Abstract:Zero-shot referring image segmentation aims to locate and segment the target region based on a referring expression, with the primary challenge of aligning and matching semantics across visual and textual modalities without training. Previous works address this challenge by utilizing Vision-Language Models and mask proposal networks for region-text matching. However, this paradigm may lead to incorrect target localization due to the inherent ambiguity and diversity of free-form referring expressions. To alleviate this issue, we present LGD (Leveraging Generative Descriptions), a framework that utilizes the advanced language generation capabilities of Multi-Modal Large Language Models to enhance region-text matching performance in Vision-Language Models.
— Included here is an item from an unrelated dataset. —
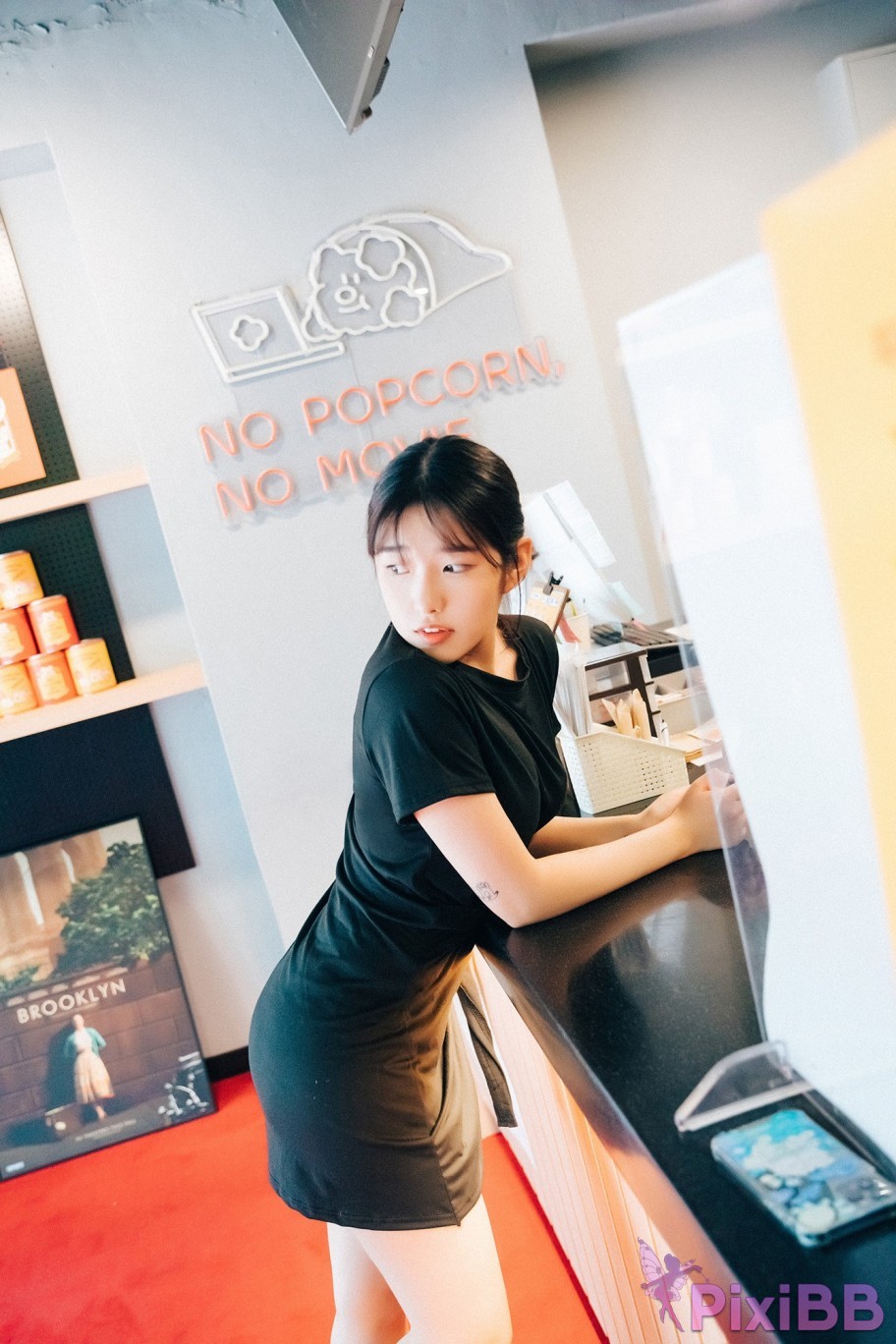 Loozy Sonson Cinema Girl S.Ver PixiBB.COM 006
Specifically, we first design two kinds of prompts, the attribute prompt and the surrounding prompt, to guide the Multi-Modal Large Language Models in generating descriptions related to the crucial attributes of the referent object and the details of surrounding objects, referred to as attribute description and surrounding description, respectively. Secondly, three visual-text matching scores are introduced to evaluate the similarity between instance-level visual features and textual features, which determines the mask most associated with the referring expression. The proposed method achieves new state-of-the-art performance on three public datasets RefCOCO, RefCOCO+ and RefCOCOg, with maximum improvements of 9.97% in oIoU and 11.29% in mIoU compared to previous methods.